▶ **Work item**:
Reproduce the data exactly. Omit no record.
___ Listed records ___
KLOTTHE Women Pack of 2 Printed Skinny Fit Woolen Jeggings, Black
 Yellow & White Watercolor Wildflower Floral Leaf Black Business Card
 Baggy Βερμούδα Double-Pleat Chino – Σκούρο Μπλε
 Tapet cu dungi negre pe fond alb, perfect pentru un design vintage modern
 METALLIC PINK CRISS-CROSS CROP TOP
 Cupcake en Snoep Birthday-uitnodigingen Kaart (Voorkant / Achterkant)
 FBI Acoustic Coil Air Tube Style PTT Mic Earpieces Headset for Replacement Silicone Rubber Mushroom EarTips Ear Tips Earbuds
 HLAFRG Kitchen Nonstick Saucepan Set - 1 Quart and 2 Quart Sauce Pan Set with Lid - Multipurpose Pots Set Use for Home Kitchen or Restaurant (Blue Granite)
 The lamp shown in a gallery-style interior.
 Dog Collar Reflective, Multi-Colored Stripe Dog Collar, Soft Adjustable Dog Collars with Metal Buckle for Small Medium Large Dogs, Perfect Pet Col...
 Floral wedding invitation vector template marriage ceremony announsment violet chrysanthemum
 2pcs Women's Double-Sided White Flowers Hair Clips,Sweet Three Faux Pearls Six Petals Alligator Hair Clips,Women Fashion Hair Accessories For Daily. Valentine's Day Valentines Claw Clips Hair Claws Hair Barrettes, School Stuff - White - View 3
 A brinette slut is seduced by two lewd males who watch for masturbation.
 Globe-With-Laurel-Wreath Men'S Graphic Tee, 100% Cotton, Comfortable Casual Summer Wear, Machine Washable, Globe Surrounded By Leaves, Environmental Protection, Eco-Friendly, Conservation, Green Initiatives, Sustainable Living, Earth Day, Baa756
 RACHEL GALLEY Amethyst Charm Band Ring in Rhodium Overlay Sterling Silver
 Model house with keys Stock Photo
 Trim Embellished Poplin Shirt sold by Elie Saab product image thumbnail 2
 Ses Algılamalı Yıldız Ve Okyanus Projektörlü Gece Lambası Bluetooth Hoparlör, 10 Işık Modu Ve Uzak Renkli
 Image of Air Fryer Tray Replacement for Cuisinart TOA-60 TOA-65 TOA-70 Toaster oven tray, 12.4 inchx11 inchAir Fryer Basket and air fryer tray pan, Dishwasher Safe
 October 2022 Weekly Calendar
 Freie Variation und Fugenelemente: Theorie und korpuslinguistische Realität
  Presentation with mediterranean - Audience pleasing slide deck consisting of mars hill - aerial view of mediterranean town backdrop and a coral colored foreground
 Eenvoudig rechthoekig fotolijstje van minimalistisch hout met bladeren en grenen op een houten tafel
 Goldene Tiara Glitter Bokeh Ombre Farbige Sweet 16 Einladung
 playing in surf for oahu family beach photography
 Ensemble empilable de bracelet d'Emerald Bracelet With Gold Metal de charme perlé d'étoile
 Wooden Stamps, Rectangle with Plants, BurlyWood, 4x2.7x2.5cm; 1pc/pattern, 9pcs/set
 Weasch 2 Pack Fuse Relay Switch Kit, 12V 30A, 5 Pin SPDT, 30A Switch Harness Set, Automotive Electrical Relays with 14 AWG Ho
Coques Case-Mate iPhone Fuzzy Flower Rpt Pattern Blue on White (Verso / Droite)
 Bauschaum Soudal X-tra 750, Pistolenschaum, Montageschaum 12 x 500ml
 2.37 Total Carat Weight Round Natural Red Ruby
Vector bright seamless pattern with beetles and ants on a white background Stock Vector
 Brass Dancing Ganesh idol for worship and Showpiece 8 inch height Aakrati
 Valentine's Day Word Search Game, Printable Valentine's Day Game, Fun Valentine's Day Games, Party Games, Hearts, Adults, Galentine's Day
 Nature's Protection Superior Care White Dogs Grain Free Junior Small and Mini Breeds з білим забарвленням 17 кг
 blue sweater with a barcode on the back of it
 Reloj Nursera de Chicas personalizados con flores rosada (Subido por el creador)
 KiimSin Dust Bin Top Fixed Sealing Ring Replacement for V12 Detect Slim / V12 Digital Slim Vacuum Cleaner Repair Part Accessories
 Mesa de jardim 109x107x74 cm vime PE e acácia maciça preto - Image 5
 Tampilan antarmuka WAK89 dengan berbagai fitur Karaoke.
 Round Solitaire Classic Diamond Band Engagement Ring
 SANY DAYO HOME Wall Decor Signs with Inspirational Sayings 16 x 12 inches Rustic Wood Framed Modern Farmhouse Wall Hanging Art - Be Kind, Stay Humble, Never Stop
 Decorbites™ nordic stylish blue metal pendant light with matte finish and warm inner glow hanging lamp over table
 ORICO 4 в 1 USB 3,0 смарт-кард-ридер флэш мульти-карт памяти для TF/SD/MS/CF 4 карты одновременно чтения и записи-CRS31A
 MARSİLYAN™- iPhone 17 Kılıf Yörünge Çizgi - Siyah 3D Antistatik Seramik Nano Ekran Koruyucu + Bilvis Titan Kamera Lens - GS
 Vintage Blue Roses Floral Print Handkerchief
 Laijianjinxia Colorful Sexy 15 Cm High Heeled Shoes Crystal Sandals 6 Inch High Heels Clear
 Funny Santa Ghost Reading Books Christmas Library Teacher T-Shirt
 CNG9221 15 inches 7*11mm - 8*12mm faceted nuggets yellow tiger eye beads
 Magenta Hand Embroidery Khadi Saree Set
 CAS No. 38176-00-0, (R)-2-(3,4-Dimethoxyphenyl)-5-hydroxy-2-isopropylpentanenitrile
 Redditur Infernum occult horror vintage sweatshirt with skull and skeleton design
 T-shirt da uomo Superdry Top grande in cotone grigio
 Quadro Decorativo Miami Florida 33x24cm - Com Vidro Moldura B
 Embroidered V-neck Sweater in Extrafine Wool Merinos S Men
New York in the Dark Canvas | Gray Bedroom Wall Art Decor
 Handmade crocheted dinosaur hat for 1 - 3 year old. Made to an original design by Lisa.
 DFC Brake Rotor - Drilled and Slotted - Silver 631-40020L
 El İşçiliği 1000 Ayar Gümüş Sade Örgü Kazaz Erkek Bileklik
___
▶ **Exercise answer**:
KLOTTHE Women Pack of 2 Printed Skinny Fit Woolen Jeggings, Black
 Yellow & White Watercolor Wildflower Floral Leaf Black Business Card
 Baggy Βερμούδα Double-Pleat Chino – Σκούρο Μπλε
 Tapet cu dungi negre pe fond alb, perfect pentru un design vintage modern
 METALLIC PINK CRISS-CROSS CROP TOP
 Cupcake en Snoep Birthday-uitnodigingen Kaart (Voorkant / Achterkant)
 FBI Acoustic Coil Air Tube Style PTT Mic Earpieces Headset for Replacement Silicone Rubber Mushroom EarTips Ear Tips Earbuds
 HLAFRG Kitchen Nonstick Saucepan Set - 1 Quart and 2 Quart Sauce Pan Set with Lid - Multipurpose Pots Set Use for Home Kitchen or Restaurant (Blue Granite)
 The lamp shown in a gallery-style interior.
 Dog Collar Reflective, Multi-Colored Stripe Dog Collar, Soft Adjustable Dog Collars with Metal Buckle for Small Medium Large Dogs, Perfect Pet Col...
 Floral wedding invitation vector template marriage ceremony announsment violet chrysanthemum
 2pcs Women's Double-Sided White Flowers Hair Clips,Sweet Three Faux Pearls Six Petals Alligator Hair Clips,Women Fashion Hair Accessories For Daily. Valentine's Day Valentines Claw Clips Hair Claws Hair Barrettes, School Stuff - White - View 3
 A brinette slut is seduced by two lewd males who watch for masturbation.
 Globe-With-Laurel-Wreath Men'S Graphic Tee, 100% Cotton, Comfortable Casual Summer Wear, Machine Washable, Globe Surrounded By Leaves, Environmental Protection, Eco-Friendly, Conservation, Green Initiatives, Sustainable Living, Earth Day, Baa756
 RACHEL GALLEY Amethyst Charm Band Ring in Rhodium Overlay Sterling Silver
 Model house with keys Stock Photo
 Trim Embellished Poplin Shirt sold by Elie Saab product image thumbnail 2
 Ses Algılamalı Yıldız Ve Okyanus Projektörlü Gece Lambası Bluetooth Hoparlör, 10 Işık Modu Ve Uzak Renkli
 Image of Air Fryer Tray Replacement for Cuisinart TOA-60 TOA-65 TOA-70 Toaster oven tray, 12.4 inchx11 inchAir Fryer Basket and air fryer tray pan, Dishwasher Safe
 October 2022 Weekly Calendar
 Freie Variation und Fugenelemente: Theorie und korpuslinguistische Realität
  Presentation with mediterranean - Audience pleasing slide deck consisting of mars hill - aerial view of mediterranean town backdrop and a coral colored foreground
 Eenvoudig rechthoekig fotolijstje van minimalistisch hout met bladeren en grenen op een houten tafel
 Goldene Tiara Glitter Bokeh Ombre Farbige Sweet 16 Einladung
 playing in surf for oahu family beach photography
 Ensemble empilable de bracelet d'Emerald Bracelet With Gold Metal de charme perlé d'étoile
 Wooden Stamps, Rectangle with Plants, BurlyWood, 4x2.7x2.5cm; 1pc/pattern, 9pcs/set
 Weasch 2 Pack Fuse Relay Switch Kit, 12V 30A, 5 Pin SPDT, 30A Switch Harness Set, Automotive Electrical Relays with 14 AWG Ho
Coques Case-Mate iPhone Fuzzy Flower Rpt Pattern Blue on White (Verso / Droite)
 Bauschaum Soudal X-tra 750, Pistolenschaum, Montageschaum 12 x 500ml
 2.37 Total Carat Weight Round Natural Red Ruby
Vector bright seamless pattern with beetles and ants on a white background Stock Vector
 Brass Dancing Ganesh idol for worship and Showpiece 8 inch height Aakrati
 Valentine's Day Word Search Game, Printable Valentine's Day Game, Fun Valentine's Day Games, Party Games, Hearts, Adults, Galentine's Day
 Nature's Protection Superior Care White Dogs Grain Free Junior Small and Mini Breeds з білим забарвленням 17 кг
 blue sweater with a barcode on the back of it
 Reloj Nursera de Chicas personalizados con flores rosada (Subido por el creador)
 KiimSin Dust Bin Top Fixed Sealing Ring Replacement for V12 Detect Slim / V12 Digital Slim Vacuum Cleaner Repair Part Accessories
 Mesa de jardim 109x107x74 cm vime PE e acácia maciça preto - Image 5
 Tampilan antarmuka WAK89 dengan berbagai fitur Karaoke.
 Round Solitaire Classic Diamond Band Engagement Ring
 SANY DAYO HOME Wall Decor Signs with Inspirational Sayings 16 x 12 inches Rustic Wood Framed Modern Farmhouse Wall Hanging Art - Be Kind, Stay Humble, Never Stop
 Decorbites™ nordic stylish blue metal pendant light with matte finish and warm inner glow hanging lamp over table
 ORICO 4 в 1 USB 3,0 смарт-кард-ридер флэш мульти-карт памяти для TF/SD/MS/CF 4 карты одновременно чтения и записи-CRS31A
 MARSİLYAN™- iPhone 17 Kılıf Yörünge Çizgi - Siyah 3D Antistatik Seramik Nano Ekran Koruyucu + Bilvis Titan Kamera Lens - GS
 Vintage Blue Roses Floral Print Handkerchief
 Laijianjinxia Colorful Sexy 15 Cm High Heeled Shoes Crystal Sandals 6 Inch High Heels Clear
 Funny Santa Ghost Reading Books Christmas Library Teacher T-Shirt
 CNG9221 15 inches 7*11mm - 8*12mm faceted nuggets yellow tiger eye beads
 Magenta Hand Embroidery Khadi Saree Set
 CAS No. 38176-00-0, (R)-2-(3,4-Dimethoxyphenyl)-5-hydroxy-2-isopropylpentanenitrile
 Redditur Infernum occult horror vintage sweatshirt with skull and skeleton design
 T-shirt da uomo Superdry Top grande in cotone grigio
 Quadro Decorativo Miami Florida 33x24cm - Com Vidro Moldura B
 Embroidered V-neck Sweater in Extrafine Wool Merinos S Men
New York in the Dark Canvas | Gray Bedroom Wall Art Decor
 Handmade crocheted dinosaur hat for 1 - 3 year old. Made to an original design by Lisa.
 DFC Brake Rotor - Drilled and Slotted - Silver 631-40020L
 El İşçiliği 1000 Ayar Gümüş Sade Örgü Kazaz Erkek Bileklik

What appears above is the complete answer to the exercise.